Exercise data:
= = = = = = =

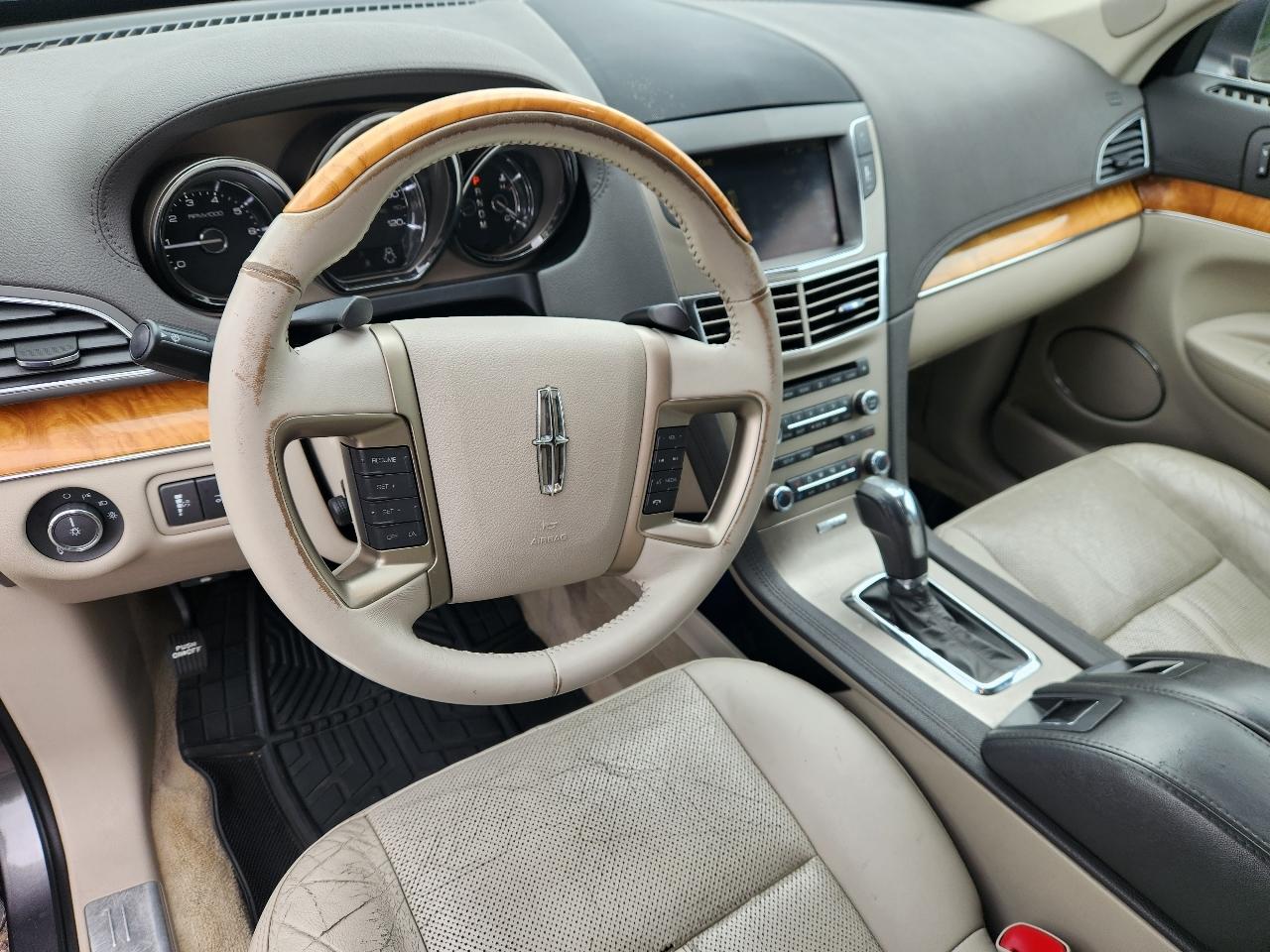 Lincoln MKT 4dr Wgn 3.5L AWD w/EcoBoost 2010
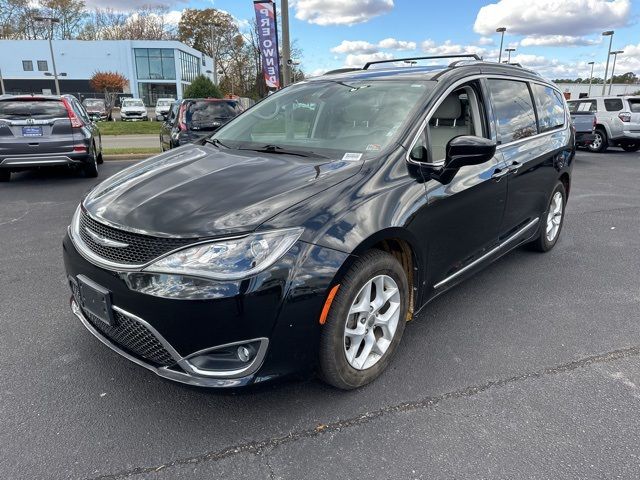 2017 Chrysler Pacifica Touring-L Plus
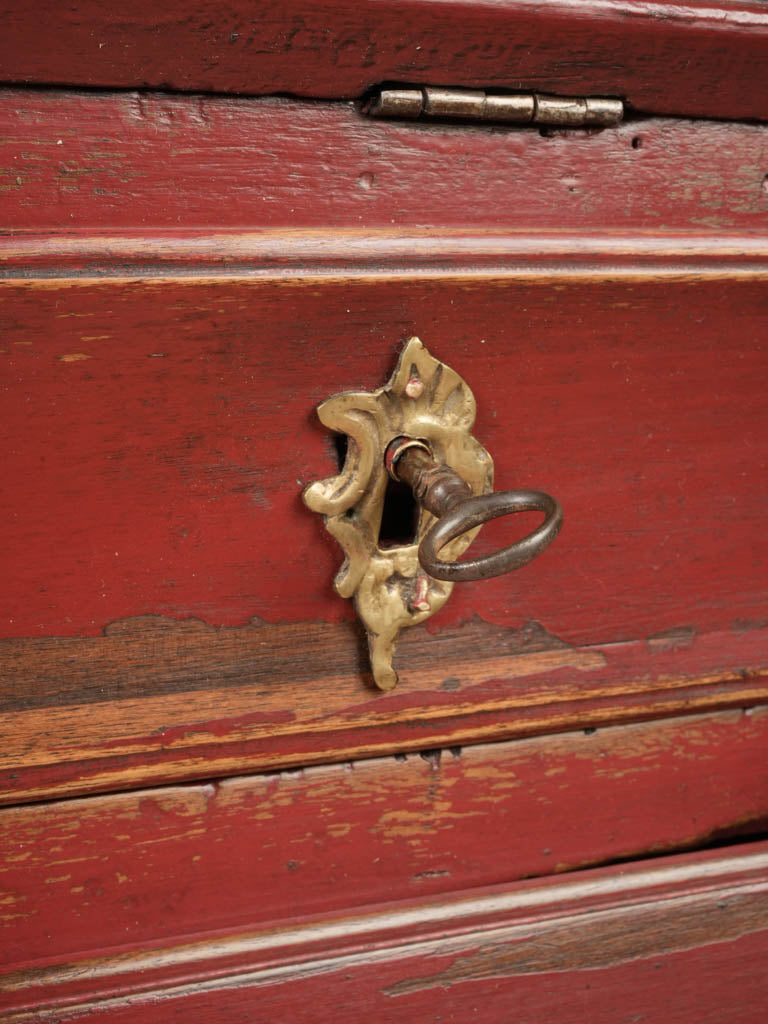 Refined walnut bureau de pente  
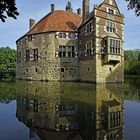 Burg Vischering gespiegelt.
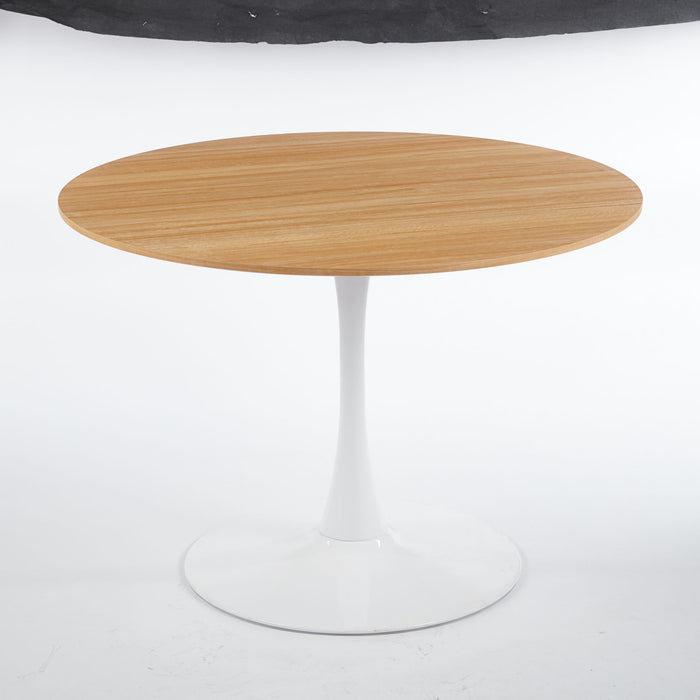 Mid-Century Tulip Dining Table With Round Top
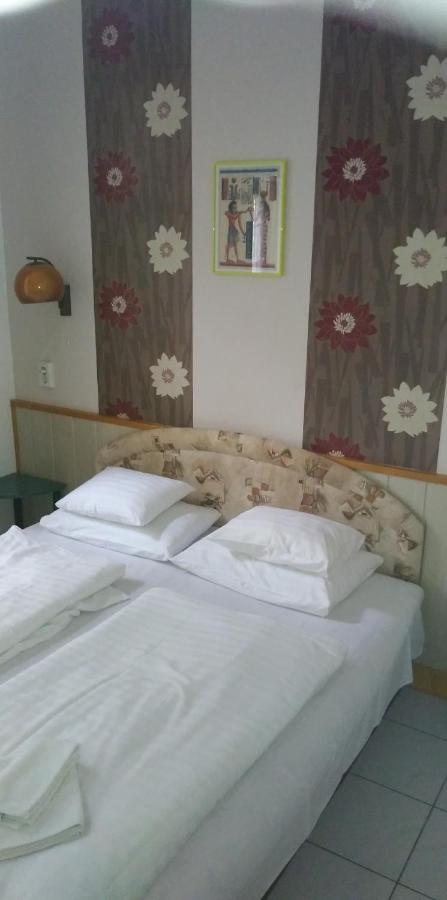 Korona Panzio Bed & Breakfast Balatonfured Luaran gambar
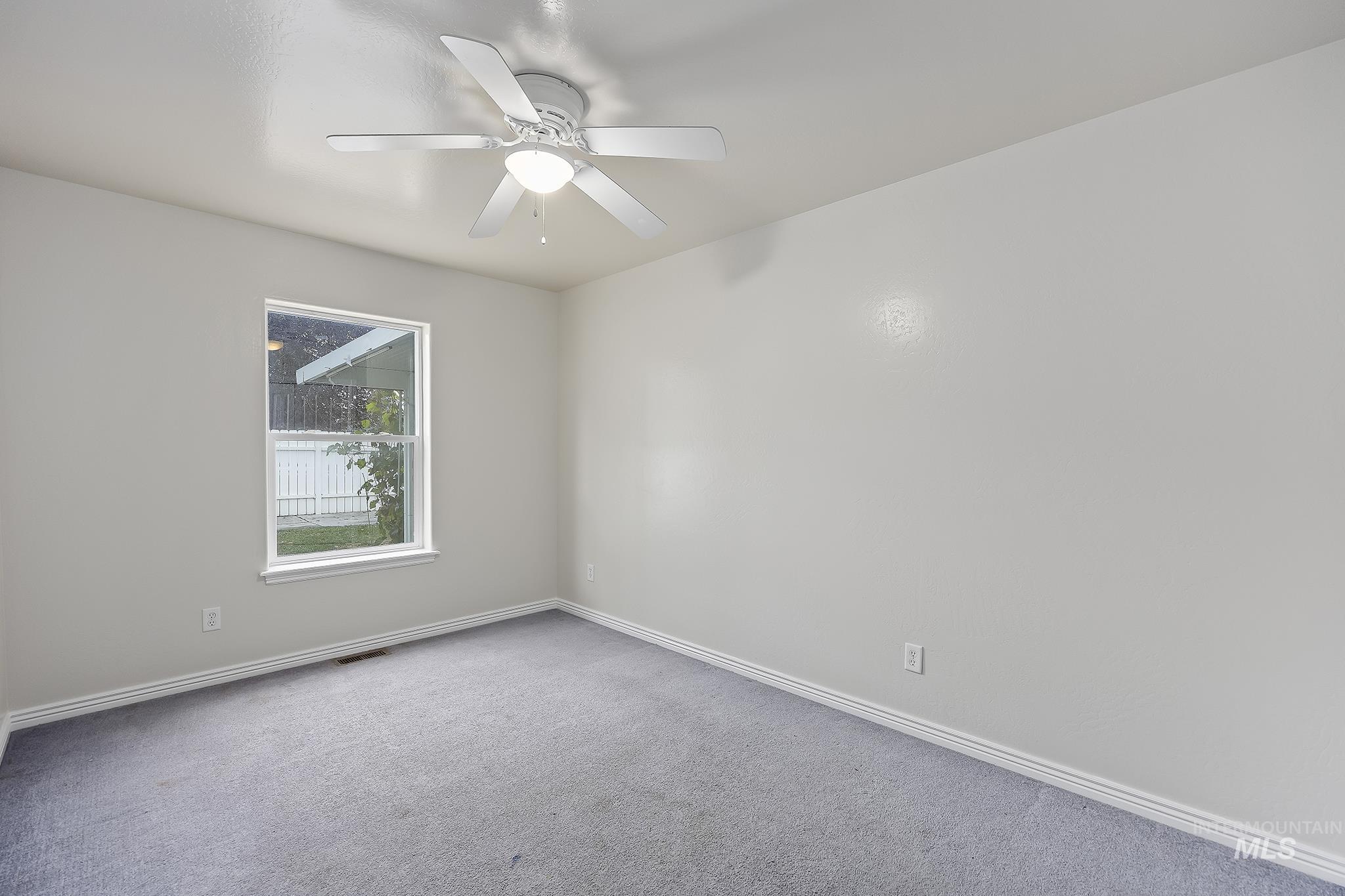 397 Meadowview Ln Property Photo 19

= = = = = = =

Problem details:
Reproduce all entries above exactly, minus the images.

Task solution:
 Lincoln MKT 4dr Wgn 3.5L AWD w/EcoBoost 2010
 2017 Chrysler Pacifica Touring-L Plus
 Refined walnut bureau de pente  
 Burg Vischering gespiegelt.
 Mid-Century Tulip Dining Table With Round Top
 Korona Panzio Bed & Breakfast Balatonfured Luaran gambar
 397 Meadowview Ln Property Photo 19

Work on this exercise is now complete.